Viaplay agrees €142m sale of Dutch business to DPG Media

Nike Ordem 5 ball. Football player in Puma boots shoots the Official Premier League Ball. Viaplay
Viaplay to sell Dutch arm. Editorial credit: Oleksandr Osipov / Shutterstock.com

DPG Media’s Videoland gains live sport for the first time, absorbing Viaplay’s Dutch business and its rights portfolio for €142m

Viaplay Group has agreed to sell its Dutch streaming and broadcasting business to Videoland, the platform owned by DPG Media, for €142m ($162m) on a cash and debt-free basis. The transaction is pending regulatory clearance and consent from Viaplay’s lenders, with completion expected in the coming months.

Viaplay Group. Image credit: LinkedIn
Viaplay Group. Image credit: LinkedIn

The deal represents the first move into live sport for DPG Media, after its Videoland platform has built its reputation on entertainment and Dutch-language productions, and the acquisition gives the platform a ready-made sports rights portfolio. DPG Media has described the expansion into live sport as a long-standing ambition for the business.

DPG Media is one of the largest media groups in the Benelux region, with newspaper, broadcast and streaming interests across Belgium and the Netherlands. 

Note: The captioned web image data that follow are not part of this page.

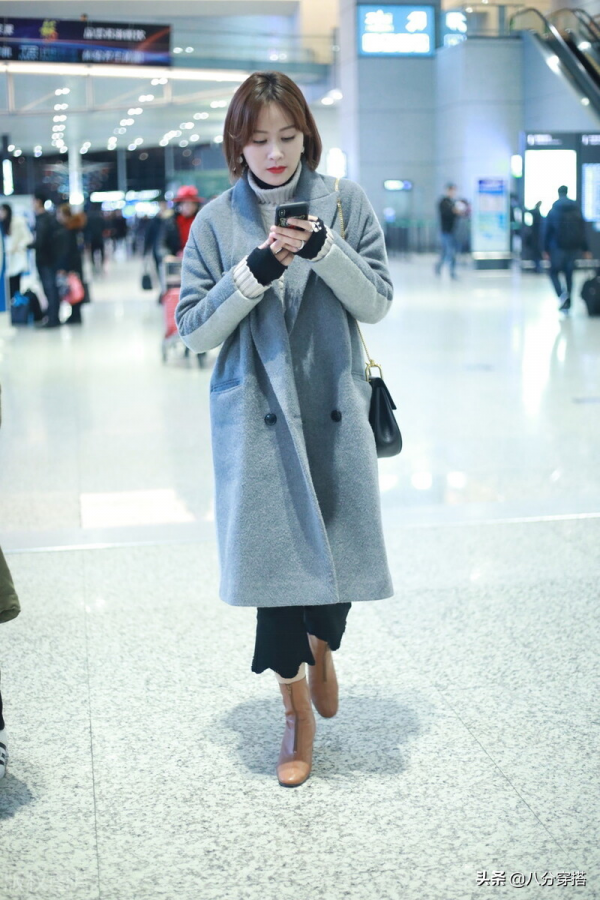 葉一茜真是氣質女神，灰色大衣配喇叭褲優雅大氣，不像奔四的人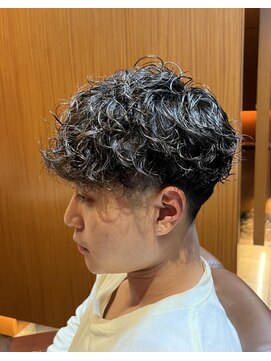 ヘアモード キクチ 銀座店 銀座　理容室　テーパーフェード　ナチュラルパーマ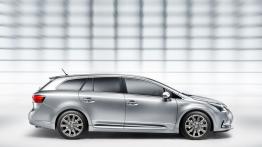 Toyota Avensis III kombi Facelifting - prawy bok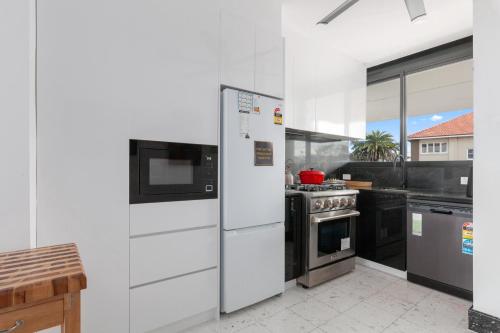 Bright Tamarama 2-Bed Apartment with Balcony Views - image 4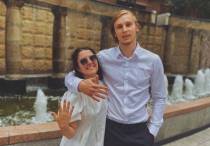 Никита Клещенко с супругой. Фото: instagram.com/barys_official
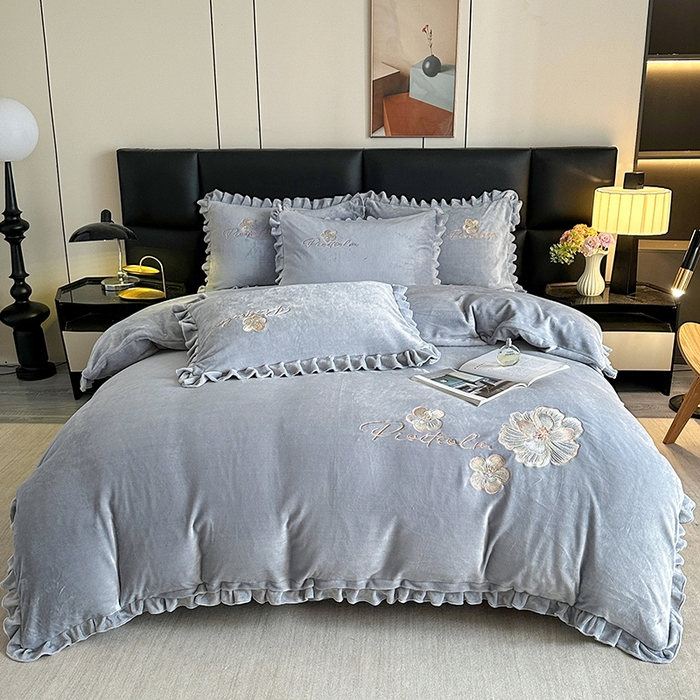 91家纺网 家纺一手货源 找家纺 董韵家纺 2025新款高克重 250克9-10斤牛奶绒 刺绣床单四件套系列 柔眠-云烟灰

Adding live sport to Videoland fits a broader push to make the platform a fuller alternative to international streaming services, combining entertainment, Dutch-language originals and now major sports rights under one subscription.

Premier League and F1 headline the rights portfolio

The rights transferring to Videoland include Premier League football in the Netherlands, the Bundesliga, Formula 1 and PDC darts, along with the rest of Viaplay Netherlands’ sports programming.

For a platform with no prior live sport offering of note, it is a big addition to the schedule, arriving with an established Dutch sports audience already in place.

The contract lengths involved show how firmly Viaplay had committed to the Dutch market when the rights were secured. 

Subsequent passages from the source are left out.